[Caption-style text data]

------------------------------------------------------------

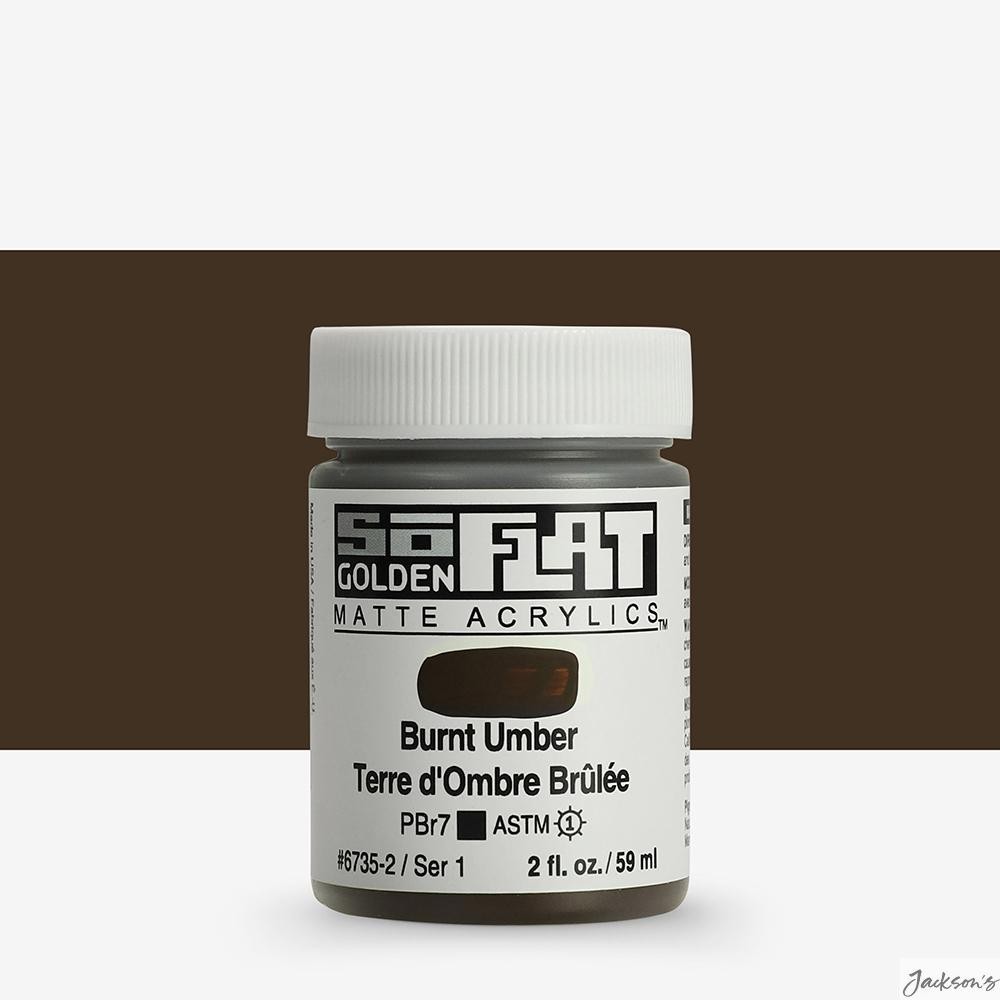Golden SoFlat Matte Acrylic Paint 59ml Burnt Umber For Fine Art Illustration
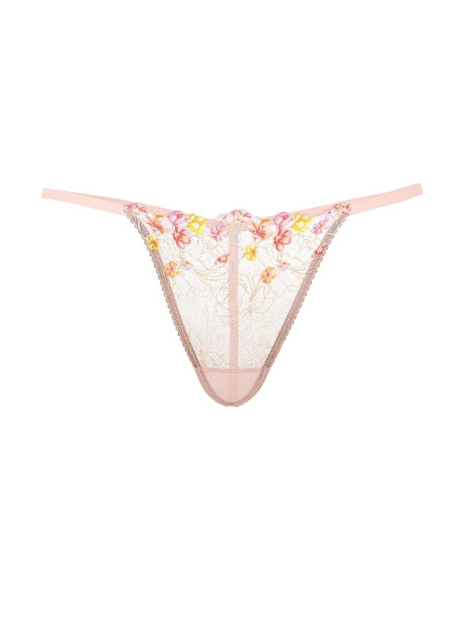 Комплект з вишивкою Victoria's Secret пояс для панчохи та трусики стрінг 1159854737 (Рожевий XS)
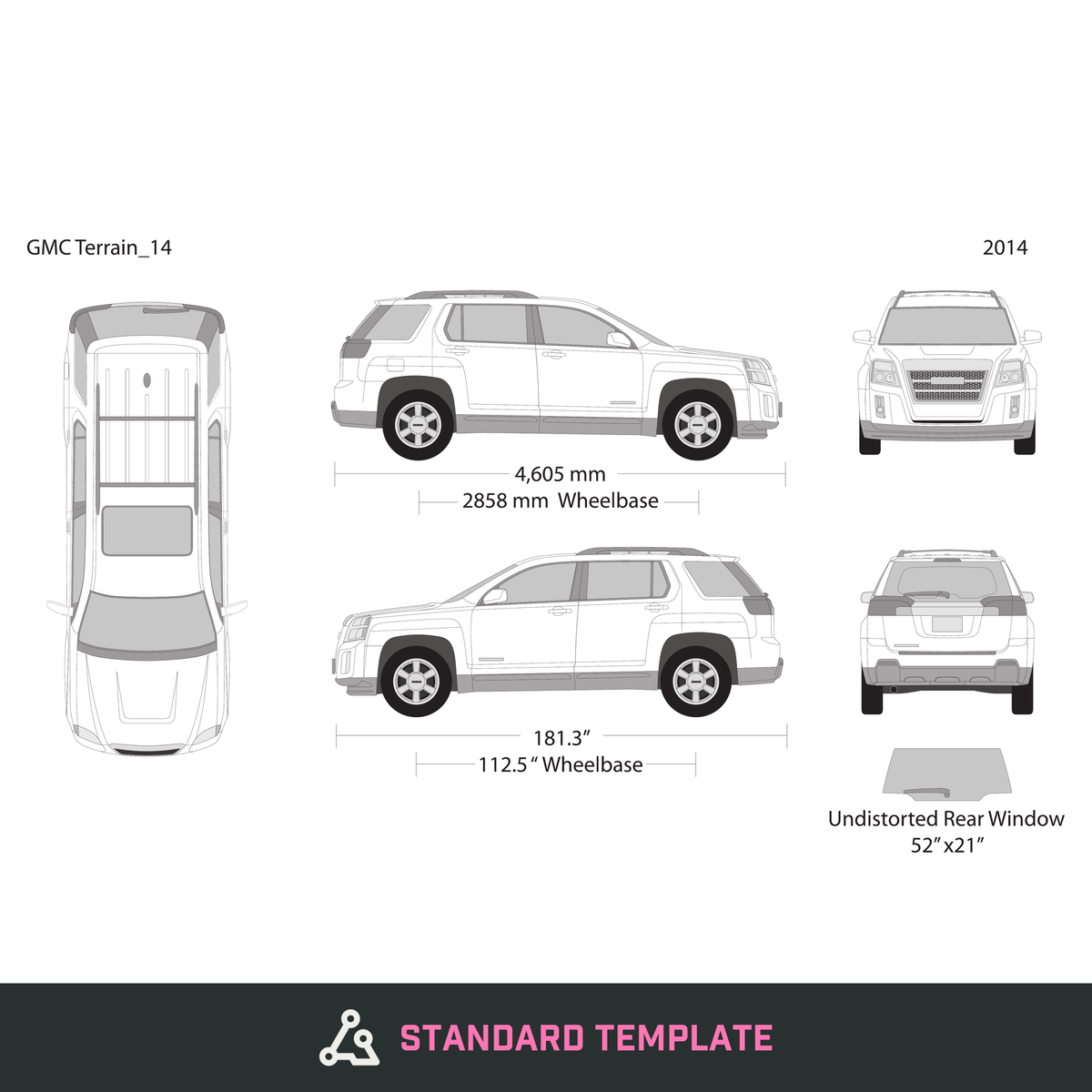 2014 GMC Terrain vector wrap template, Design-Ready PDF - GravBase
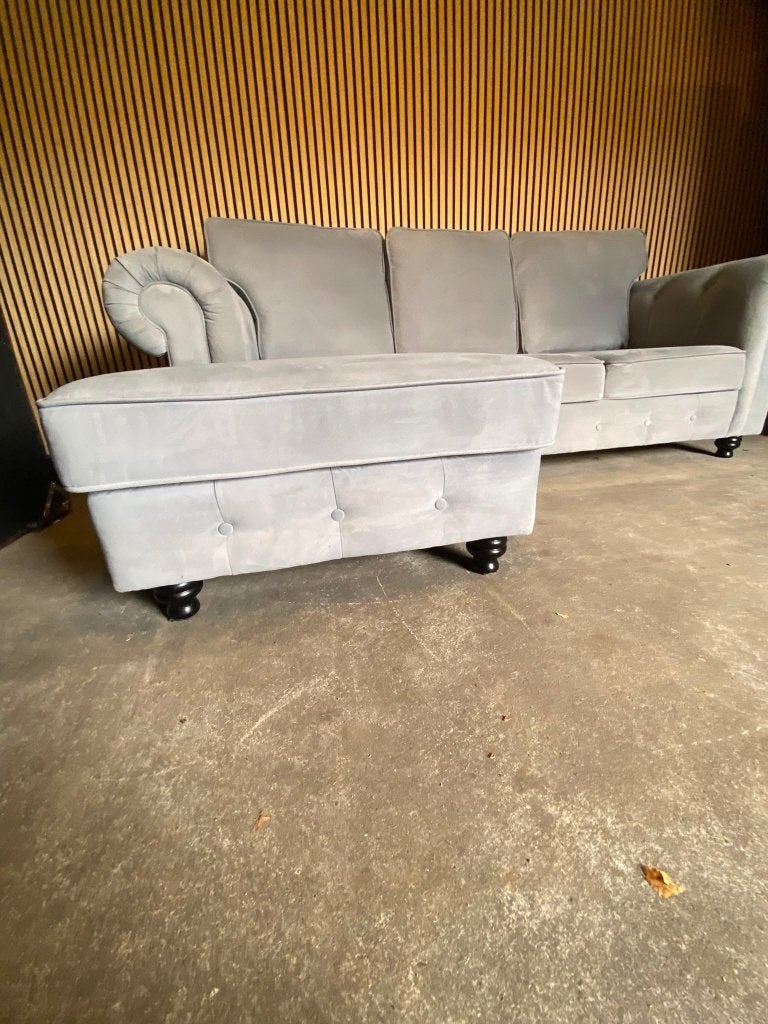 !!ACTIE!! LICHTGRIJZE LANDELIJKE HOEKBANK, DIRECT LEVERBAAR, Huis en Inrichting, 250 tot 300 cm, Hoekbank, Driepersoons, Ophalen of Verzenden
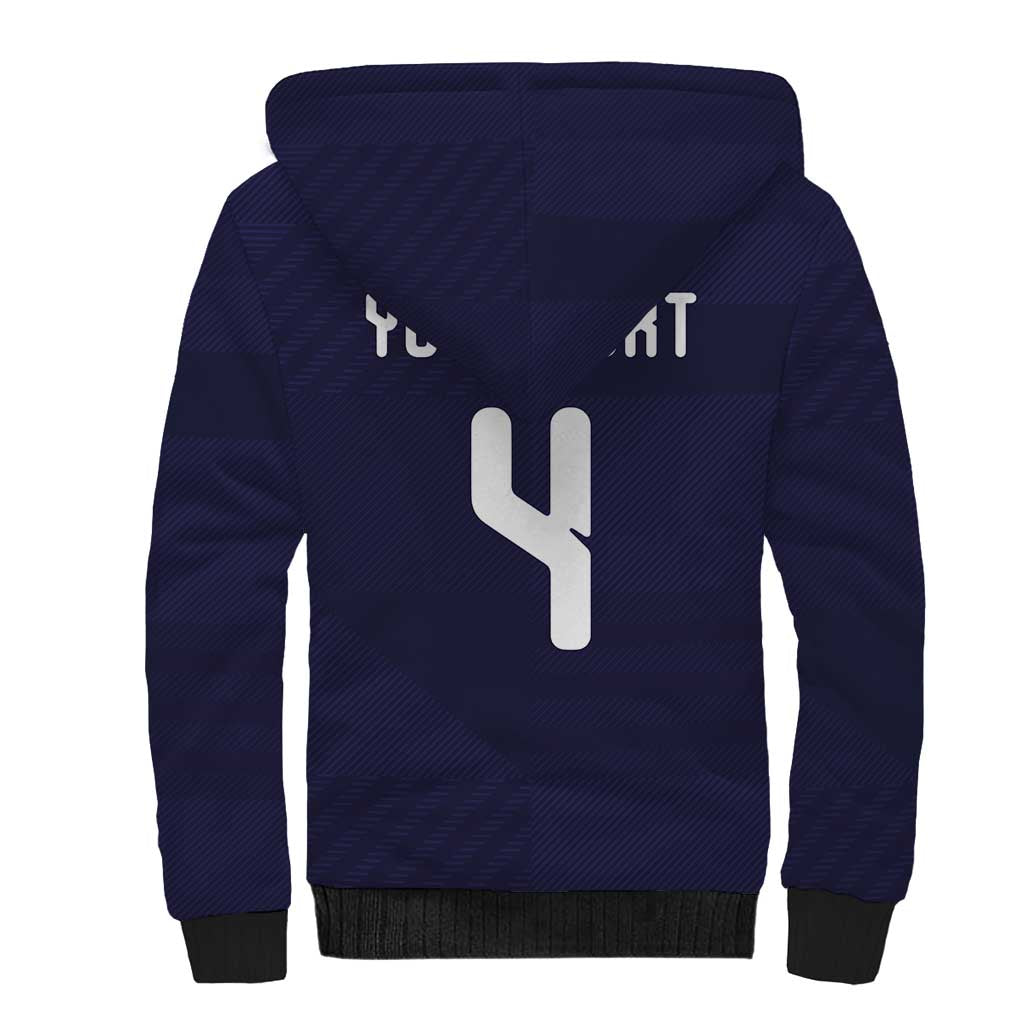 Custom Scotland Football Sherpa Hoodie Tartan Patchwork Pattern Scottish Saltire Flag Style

------------------------------------------------------------

## Brief
Please retype exactly the lines from the line containing "2014 GMC Terrain" through the final line of the records above, inclusive, leaving out any pictures.

## Solution to this problem
 2014 GMC Terrain vector wrap template, Design-Ready PDF - GravBase
 !!ACTIE!! LICHTGRIJZE LANDELIJKE HOEKBANK, DIRECT LEVERBAAR, Huis en Inrichting, 250 tot 300 cm, Hoekbank, Driepersoons, Ophalen of Verzenden
 Custom Scotland Football Sherpa Hoodie Tartan Patchwork Pattern Scottish Saltire Flag Style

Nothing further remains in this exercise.